Em 2005 eu criei a Campanha Anti-Bullying do Expresso Rosa, um selinho no meu então template shop (e hoje loja virtual) para começar a divulgar o significado dessa palavra que já estava se popularizando nas terras tupiniquins. Fiz isso porque o ano anterior tinha sido INFERNAL no colégio. Usando um apelido que eu pedi repetidas vezes para não ser usado, eles conseguiram me afetar de tantas formas que ali surgiram as primeiras crises de ansiedade fortes das várias que tive ao longo da minha vida. Mas sabe… Não é esse aspecto do bullying que viemos trabalhar aqui hoje. A Lenscope me convidou para falar dele sob o aspecto da SUPERAÇÃO, sobre aquilo que nos torna fortes!

Dia Mundial de Combate ao Bullying

Quando você para diante de um espelho, quem te olha de volta? A pessoa que você é ou quem as outras pessoas querem que você acredite ser? Citando Elton John e Fall Out Boy: “Você é o que você ama, não quem ama você” e eu completo: acima de tudo você não é quem NÃO TE AMA! É muito importante estar aberto aos pensamentos alheios sobre todas as coisa, até mesmo sobre sua pessoa, mas ninguém lá fora mora aí dentro, na sua cabeça… No fim, cabe a nós descobrir e conhecer a nós mesmos…

… E TODOS TEMOS DIREITO AO AMOR PRÓPRIO, acima de todos os amores! Quando adolescente eu acreditei ser burra, porque me fizeram acreditar nisso uma quantidade absurda vezes. Acreditei que quem estava ao meu redor jamais gostaria de mim com facilidade, que seria preciso um esforço muito grande da minha parte (e da delas) pra isso. Mas descobri que não é verdade! Que ser inteligente varia de cada um, e minha inteligência é tão boa quanto a de quem não conseguia enxergá-la. Descobri que o gostar da gente pode ou não acontecer, mas as vezes em que acontece importam MUITO MAIS! Agradar a todos? Nunca vai acontecer! Agradar a quem importa e a nós mesmos? Não é fácil, mas com certeza é engrandecedor! Por isso quando me olho, eu me vejo como a Luly que fui, sou, serei. Nunca mais quero me ver como quem me fez mal me viu um dia – não é fácil, mas perfeitamente possível!

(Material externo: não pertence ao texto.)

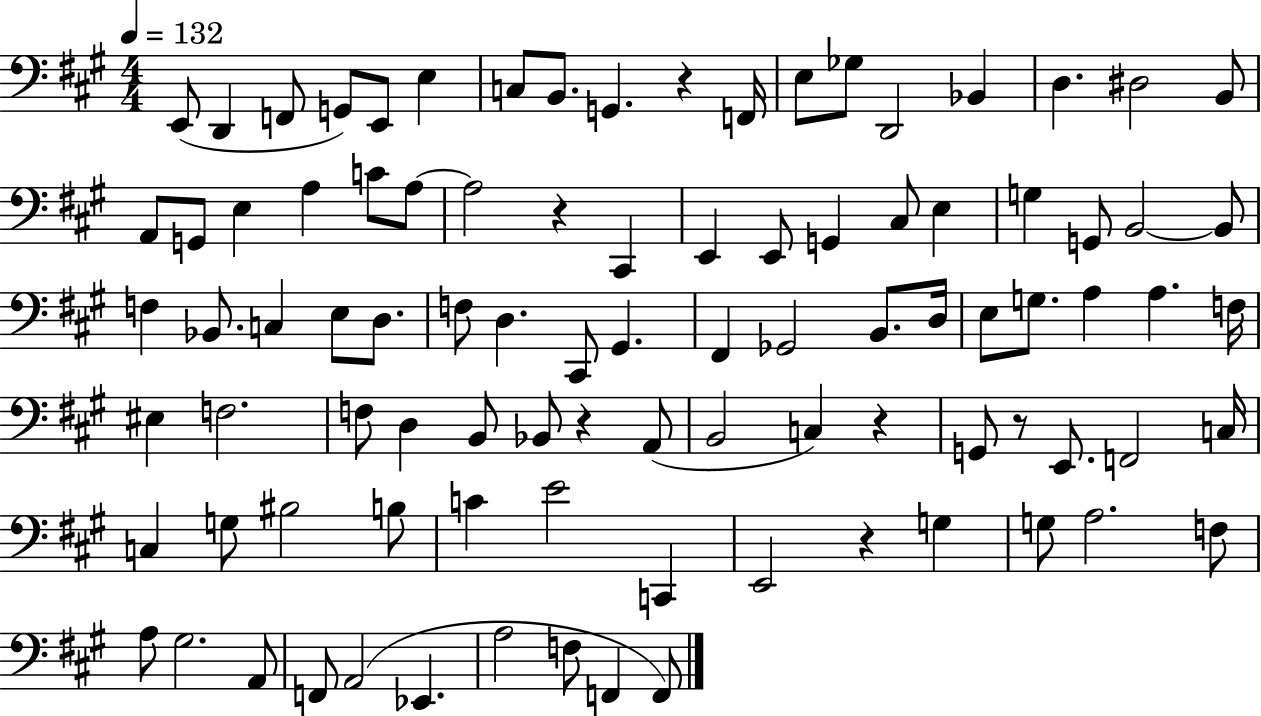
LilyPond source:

{
  \clef bass
  \numericTimeSignature
  \time 4/4
  \key a \major
  \tempo 4 = 132
  e,8( d,4 f,8 g,8) e,8 e4 | c8 b,8. g,4. r4 f,16 | e8 ges8 d,2 bes,4 | d4. dis2 b,8 | \break a,8 g,8 e4 a4 c'8 a8~~ | a2 r4 cis,4 | e,4 e,8 g,4 cis8 e4 | g4 g,8 b,2~~ b,8 | \break f4 bes,8. c4 e8 d8. | f8 d4. cis,8 gis,4. | fis,4 ges,2 b,8. d16 | e8 g8. a4 a4. f16 | \break eis4 f2. | f8 d4 b,8 bes,8 r4 a,8( | b,2 c4) r4 | g,8 r8 e,8. f,2 c16 | \break c4 g8 bis2 b8 | c'4 e'2 c,4 | e,2 r4 g4 | g8 a2. f8 | \break a8 gis2. a,8 | f,8 a,2( ees,4. | a2 f8 f,4 f,8) | \bar "|."
}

O símbolo da campanha deles é um lacinho azul e branco, e não é à toa! Azul é a cor que normalmente já é associada ao bullying, e também do combate à depressão, uma das consequências comuns da prática. O branco, porém, vem por cima, pra mostrar que sua paz de espírito é ainda mais importante que qualquer outra coisa! A culpa de sofrer abuso, não importa de onde ele venha, não é da vítima: o culpado é SEMPRE e APENAS do agressor. Mas o que fazemos com o que sofremos, ah, aí reside toda a diferença! Procurando ajuda, indo um passinho de cada vez, a gente consegue… “Let it go”!

Se você conhece alguém que sofre qualquer tipo de intimidação, estenda a mão! Se conhece o intimidador, não seja isento nesse tipo de situação: denuncie, converse, aconselhe, ajude! A única maneira de uma prática nociva acabar, é ensinando aqueles que praticam a melhorar.